HILO — No police action occurred Monday at the Maunakea Access Road despite fears from Thirty Meter Telescope opponents that a major push from law enforcement is imminent.
Over last weekend, opponents of the TMT project — who have camped on the Maunakea Access Road for nearly 60 days — warned their fellows on social media that, thanks to multiple unnamed sources, they believed police would soon mobilize to remove protesters from the road in order for construction of the telescope to proceed.
“TMT will be meeting with State and County officials this Sunday to coordinate their attack on peaceful and nonviolent protectors of Maunakea,” read one such warning on Friday.
Demonstrators returned to the access road Sunday in preparation for a confrontation with police on Monday morning, but a police action never materialized.
“Although it ended up being a false alarm, it did show, I think, that our people are very, very prepared, very determined and very disciplined,” said protest leader Kaleikoa Ka‘eo in a video posted to Facebook.
Ka‘eo said the demonstrators remain on high alert, fully expecting police action to come within the next several days.
No major police action has occurred at the protest area since more than 30 Hawaiian elders were arrested in the first week of the standoff, although police and state workers arrived at the scene on Friday to dismantle an unpermitted structure built by demonstrators.
However, Mayor Harry Kim on Monday said he believes that no police escalation will occur until his role as a mediator between the state and the Hawaiian community has been completed.
Having been tasked with finding common ground between TMT opponents and supporters by Gov. David Ige, Kim has held several meetings with Hawaiian community leaders, some in support and some in opposition to the telescope.
Kim said the results of those meetings, as well as his decades of experience with the community, will culminate in a lengthy proposal that will enumerate what the state must change in order to move forward with the TMT project. That proposal, he said, might be completed later this week, and will conclude his work as Ige’s mediator.
Until that proposal is revealed and explored by the state, Kim said there will “absolutely not” be any further police action to clear the access road.

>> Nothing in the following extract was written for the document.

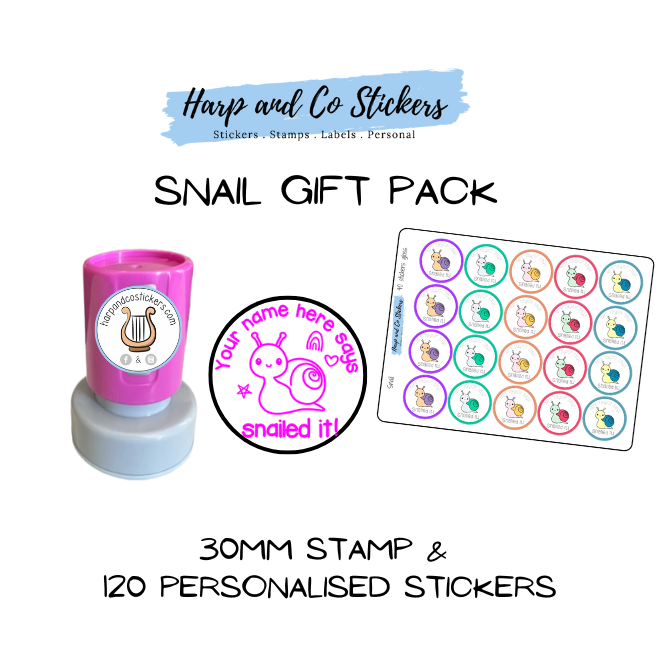 Gift Pack 30mm Stamp + 120 Stickers - Snail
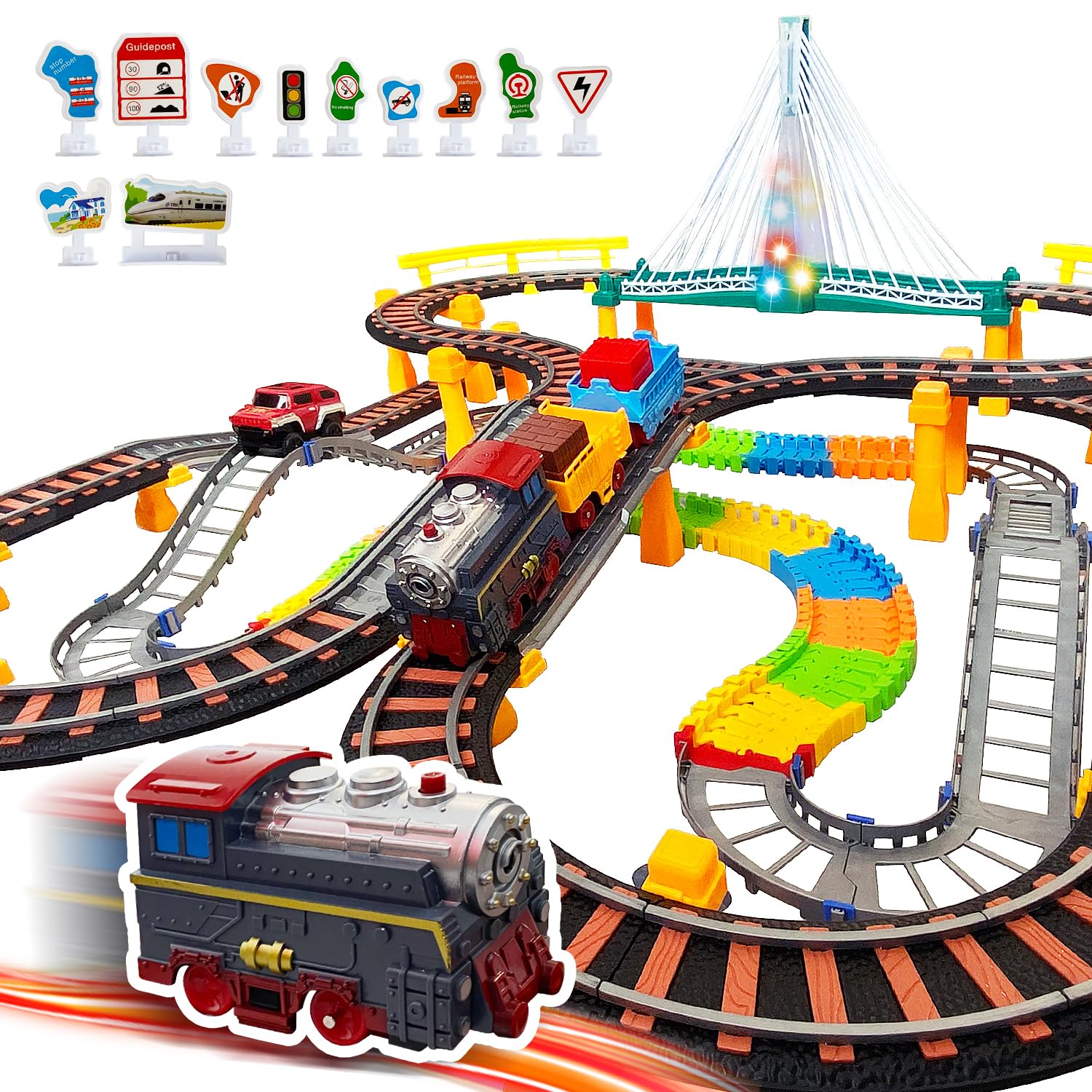 delendo Toy vehicles Sets, Construction Toys Race Tracks with a Train with a Simulated Whistle and a Car for Kids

“I guarantee the governor is committed to ensuring that I will be involved in whatever happens up there,” Kim said, explaining that he has not been informed of any such plans for the immediate future.
Meanwhile, TMT protesters have alleged that Ige has personal and direct financial ties to the TMT corporation, which would present a conflict of interest.

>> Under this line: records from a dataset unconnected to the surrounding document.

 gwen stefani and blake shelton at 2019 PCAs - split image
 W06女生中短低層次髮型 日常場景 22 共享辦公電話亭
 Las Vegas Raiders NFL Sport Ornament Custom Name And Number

According to public records, David and Dawn Ige Enterprises — a domestic partnership established by the governor and his wife in 2015 — employs an agent from Honolulu real estate agency Pacific International Realty. That agency’s president and vice president — Melanie and Charles Long, respectively — also are listed as vice president and president of Private Security Group Inc., a security outfit that was awarded a $3 million contract by TMT in 2014.
Krishna Jayaram, special assistant to the attorney general, said such claims of an ethical violation are baseless.

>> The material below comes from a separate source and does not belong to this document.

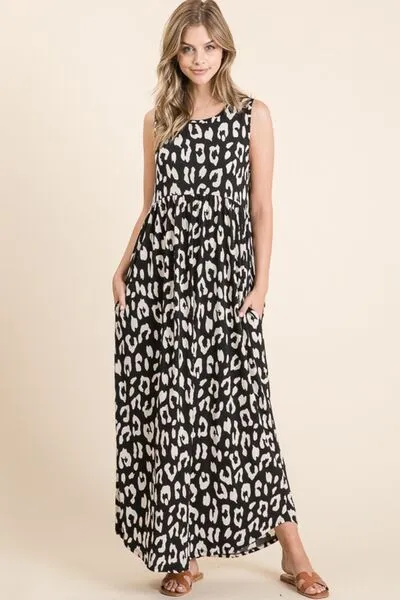 Leopard Print Shirred Waist Maxi Dress with Pockets – Sleeveless Casual Chic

“Our position is that if you hire a property manager, and that property manager also runs a security company, you are not also tied to that security company,” Jayaram said.
Jayaram said the allegations are attempts to attack Ige’s character and are in line with the demonstrators’ warnings about impending police actions, which use sensationalist terms to raise alarm.
“They use words intended to draw people to the mountain,” Jayaram said. “But they don’t worry about the sort of people who might be drawn … maybe people who don’t have the same motives as them.”
Jayaram could not comment on whether any actions by police are planned for the near future, citing operational security reasons. However, he echoed previous statements by Ige, saying the standoff cannot continue indefinitely.